Oil Fields Short Line Railroad

Overview
- Locale: Oklahoma
- Dates of operation: 1916–1923

Technical
- Track gauge: 4 ft 8+1⁄2 in (1,435 mm)
- Length: 4.4 mi (7.1 km)

= Oil Fields Short Line Railroad =

Former railroad line

The Oil Fields Short Line Railroad had both a short route—about 4.4 miles between Clifford and Dilworth in Kay County, Oklahoma—and a short existence, being created in 1916 and abandoned at the end of 1923.

==History==
Dilworth was one of the many oil boomtowns created in Kay County, Oklahoma during the early part of the 20th Century. To service the surrounding oil field and a projected cement plant, the Oil Fields Short Line Railroad Company was incorporated May 29, 1916. Late in the same year, it completed its route starting at a point on the line of the St. Louis-San Francisco Railway (Frisco) called Clifford, and using rails leased from the Frisco ran west about 4.4 miles to Dilworth.
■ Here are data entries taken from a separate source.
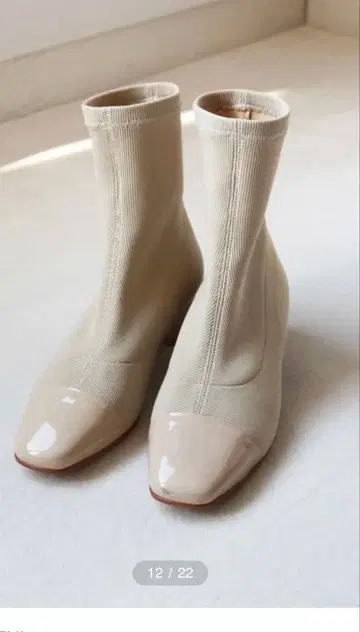 todayful 리브 삭스 부츠 새상품급 36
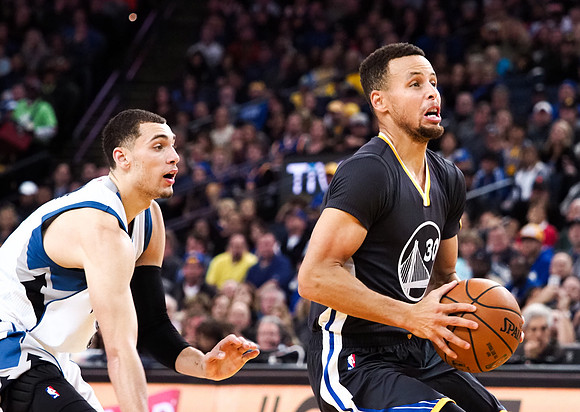 NBA: Minnesota Timberwolves at Golden State Warriors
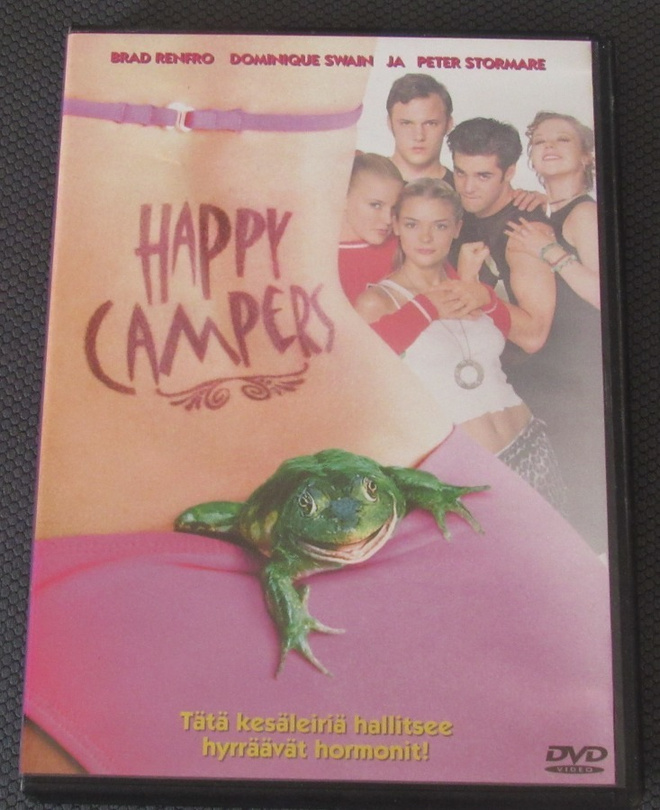 Happy Campers DVD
It also utilized a steam locomotive and a passenger car leased from the Frisco.

However, the cement plant never materialized, and the oil field declined. Starting about mid-1922, the railroad quit running by steam and began operating using a motor car. Still losing money, the railroad filed for abandonment of its line on August 21, 1923. By a decision of the Oklahoma Corporation Commission dated December 18, 1923, its last day of operation was December 31, 1923, the abandonment being effective January 1, 1924. The rails were removed in July 1924.

There is a postscript. On October 30, 1931, the ICC ordered the railroad to repay certain excess net railway operating income found to have been received by the line for the period September 1, 1920 to December 31, 1920, in the amount of $2,497.64. Luckily for the railroad, the recapture order was vacated as a result of the repeal of the recapture provisions of the 1920 Transportation Act in mid-1933.